# Cyclic group problem

• September 29th 2007, 09:28 PM
Cyclic group problem
Let G be a group of order 25. Prove that G is cyclic or g^5=e for all g in G.
• September 30th 2007, 04:35 AM
Rebesques
Well, it is either cyclic or not.

Suppose it is not cyclic and choose an element g in G. The order of g, <g>, must divide the order of G, so <g> divides 25 or <g> is 1 or 5 or 25. In every case, the result holds true.
• September 30th 2007, 09:14 AM
Oh, man, this problem is easy. I really should have gotten it.

Thanks.
• September 30th 2007, 09:18 AM
ThePerfectHacker
The group is not necessarity cyclic, how about $\mathbb{Z}_5\times \mathbb{Z}_5$.

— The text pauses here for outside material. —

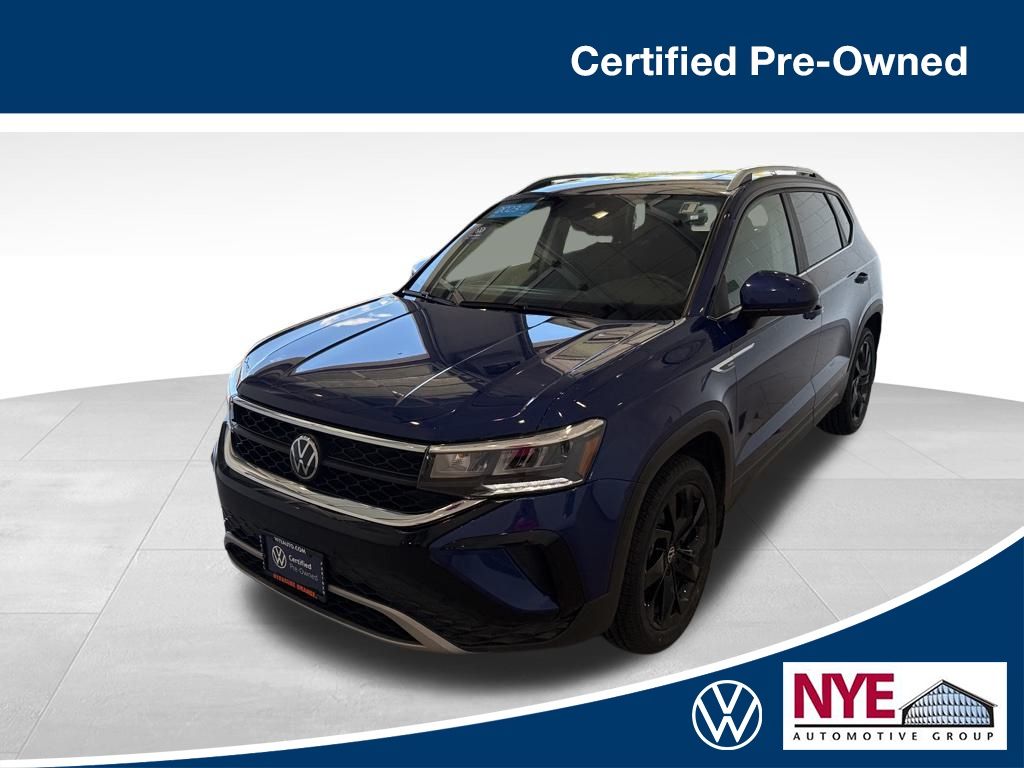 2023 Volkswagen Taos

If $G$ is cyclic then it is clearly true because $G\simeq \mathbb{Z}_{25}$ and $\left< 5 \right> = \{ 0,5,10,15,20\}$.

If $G$ is not cyclic then choose $x\in G$ so that $x\not = e$. Then $\left< x\right>$ is a subgroup of $G$. It cannot (subgroup) have order 1 because it is not identity and it cannot be 25 (the full group) because we assumed it is not cyclic. Thus it must be 5 by Lagrange's theorem.
• October 2nd 2007, 11:32 AM
Rebesques
I don't see where you disagree PH :o
• October 2nd 2007, 06:15 PM
ThePerfectHacker
Quote:

Originally Posted by Rebesques
I don't see where you disagree PH :o

I do not. I wanted to be more clear to tttcomrader.